The Chicago Fire handled the initial part of their quest to enter MLS’ first World Cup break with a winning record Saturday night when they downed Philadelphia Union 2-1 at Toyota Park. An awe-inspiring performance it was not, but the result was a welcome one for Carlos de los Cobos’ side, having not tasted victory since a 2-0 win over Houston on April 24.
Peter Nowak’s comments and the Union’s pre-game shenanigans aside, three points is three points is three points in this league and the Fire were in desperate need of a result Saturday night in order to stay relevant in the Eastern Conference.
Wednesday night the Colorado Rapids visit Toyota Park to wrap up the two sides’ 2010 MLS regular season series. The clubs previously met in the season’s second week, playing to a 2-2 draw on April 3 in Commerce City, CO.
A win would put the Men in Red on 16 points after 11 matches, a single point behind third-place Toronto FC heading into the World Cup break. It’s certainly not the place where most expected this club to be and when you look at a few of the matches the Fire have dropped points in, namely vs. Chivas USA, at Kansas City and vs. FC Dallas, the Fire could be in position to lead the East with three points earned tomorrow night.
Living in the past has never proven productive in the
Beautiful Game. Put those matches behind you and move on.
De los Cobos’ coaching staff probably would have preferred to see Conor Casey on Bob Bradley’s U.S. roster for this month’s World Cup, but the former Borussia Dortmund striker didn’t even find his name on the preliminary 30-man roster announced in mid-May. Part of the reason for Bradley’s decision may have been Casey’s lack of form leading up to the announcement, having failed to hit the back of the net since scoring two penalties in a 3-1 win over Toronto FC on April 18.
Until scoring the winner in the Rapids 1-0 victory over Seattle on May 29, Casey hadn’t scored from the run of play this season, tallying three of his four goals from the penalty spot, including his first of the season against the Fire in early April.
Casey’s striking partner up top, Omar Cummings, has been in a bit of a drought himself. The Jamaican international hasn’t celebrated a goal since his 13th minute tally against the Fire over two months ago, going an uncharacteristic eight matches and 609 minutes scoreless.

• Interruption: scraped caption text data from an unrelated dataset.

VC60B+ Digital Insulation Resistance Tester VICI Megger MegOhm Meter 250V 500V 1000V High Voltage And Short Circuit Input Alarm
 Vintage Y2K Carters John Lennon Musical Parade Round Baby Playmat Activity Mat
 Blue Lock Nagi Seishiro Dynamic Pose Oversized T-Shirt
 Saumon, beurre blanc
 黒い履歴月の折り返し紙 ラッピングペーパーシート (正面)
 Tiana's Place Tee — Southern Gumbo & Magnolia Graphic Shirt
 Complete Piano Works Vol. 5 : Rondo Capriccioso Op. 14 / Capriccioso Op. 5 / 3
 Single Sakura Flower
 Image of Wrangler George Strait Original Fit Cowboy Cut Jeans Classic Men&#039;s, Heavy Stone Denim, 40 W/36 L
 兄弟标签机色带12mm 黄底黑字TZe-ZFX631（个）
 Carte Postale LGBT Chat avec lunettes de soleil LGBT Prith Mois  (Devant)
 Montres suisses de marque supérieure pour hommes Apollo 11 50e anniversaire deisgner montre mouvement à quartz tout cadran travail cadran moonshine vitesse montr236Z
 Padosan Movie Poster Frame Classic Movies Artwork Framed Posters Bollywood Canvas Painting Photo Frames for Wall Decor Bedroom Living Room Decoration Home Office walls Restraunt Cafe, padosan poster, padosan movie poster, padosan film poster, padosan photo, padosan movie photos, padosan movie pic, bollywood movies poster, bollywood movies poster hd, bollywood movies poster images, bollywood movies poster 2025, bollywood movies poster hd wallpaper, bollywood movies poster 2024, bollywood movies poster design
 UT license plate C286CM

Despite Colorado’s recent lack of offensive production from their top two strikers, the club rides in to Chicago on a three-match winning streak having earned nearly half of their 19 points over their last three games. Another distinction: all three victories have been of the 1-0 variety, which on paper shows that the Rapids have done much better grinding out tough results, something the Fire have failed to do, per the matches mentioned above.
Neither side has found great success scoring this year. With 11, Colorado is actually near the bottom of the league when it comes to goals scored. But that’s the difference between these two sides right now: A team that has put together a complete 90 minutes, one that can make 1-0 enough vs. a team that has allowed mental mistakes to undo them and has been unable to fight back.
With that said, a win, even against an expansion team, can do a lot for a team’s confidence and I expect the Fire, led by Patrick Nyarko’s speed and ability to beat defenders as well as the central defensive partnership of C.J. Brown and Wilman Conde to bring a positive result Wednesday night.
I’ll also be looking for Fire forward Collins John, who was out of the lineup Saturday due to illness, to make his mark on this match. The former Fulham striker scored his first MLS goal against Colorado back in April, though it was also his only MLS goal. John has experienced a drought equally disappointing to that of Cummings and is due to find his name back on the score sheet Wednesday night.
The Fire have to enter this game with three points being an absolute must. Anything less will be a letdown as the players enter a two-week hiatus away from MLS league play. Being able to watch the World Cup may take some minds away, but having to wade through a fortnight sitting on a bad result will not be ideal.